India-Afghanistan: Indian Minister of External Affairs Slaman Khurshid said on 15 February that India will provide helicopters to Afghanistan.

"We are giving them helicopters and we will be supplying them very soon," Khurshid told reporters accompanying him on a day-long visit to the Afghan city of Kandahar, where he inaugurated an agricultural university built with Indian aid. "We also have been giving them some logistical support and we hopefully will be able to upgrade and refurbish their transport aircraft."

Khurshid did not specify the number or type of helicopters to be provided to Afghanistan. Nor did he elaborate on transport aircraft contracts.

Comment: In combat operations since the Soviet intervention in 1979, attack helicopters have been critical to the survival of both Soviet and US/NATO forces in Afghanistan. In other words, limited pacification of one of the most primitive places on earth has required extensive use of one of the most sophisticated and complex weapons systems ever developed in support of ground forces.

NightWatch has contended for more than a dozen years that without fixed wing and helicopter support, the US and NATO combat force presence in Afghanistan always has been unsustainable.

Indian forces have ten kinds of helicopters, some of which Indian enterprises manufacture. Most of these, however, do not appear to be available for provision to Afghanistan.

India has reached an agreement with the US to purchase Apache attack helicopters that will replace its 20 Mi-35 Soviet-built attack helicopters. These appear to be the most likely candidates for early transfer to Afghanistan because they will become available soon and a core of Afghan pilots and technicians knows how to fly and maintain MI-35s. They are highly effective weapons systems, if well supported and maintained. The Indians will help.

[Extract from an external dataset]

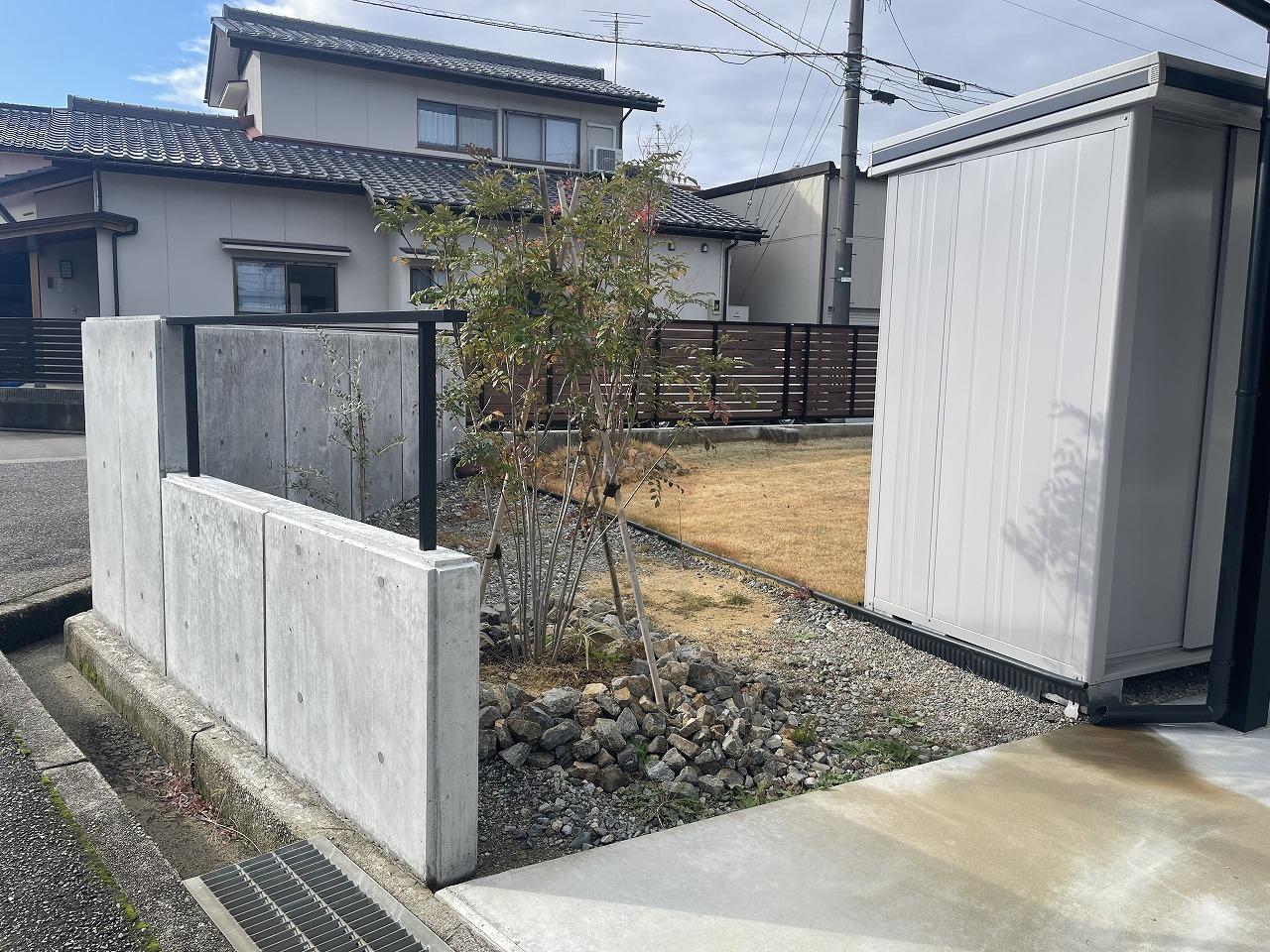 無機質×自然のお庭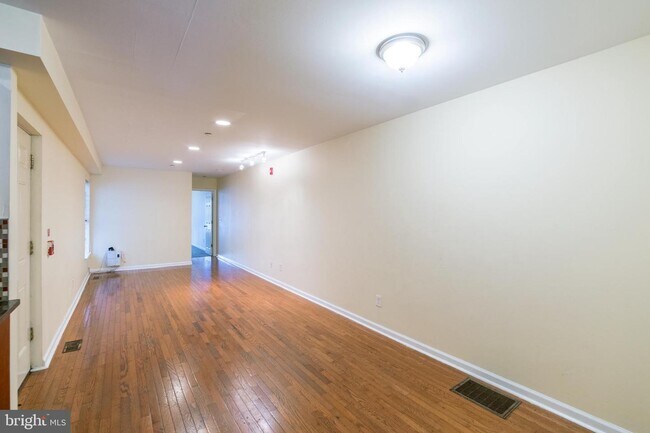 Building Photo - 2350 N Park Ave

The larger importance of the Indian announcement is that the government in New Delhi is not willing to surrender Afghanistan to the Taliban or to Pakistani intelligence without a fight. It appears committed to support an anti-Taliban government in Kabul and to the policy of supporting a two-front war threat to Pakistan.

There is symmetry in the Indian and Pakistani proxy fights. Pakistan supports the Kashmiri militants who tie down hundreds of thousands of Indian security forces. Indian support for the government in Kabul will force Pakistan to tie down significant resources to support the Pashtun Taliban whom Pakistani intelligence has protected in Quetta and Karachi for 13 years.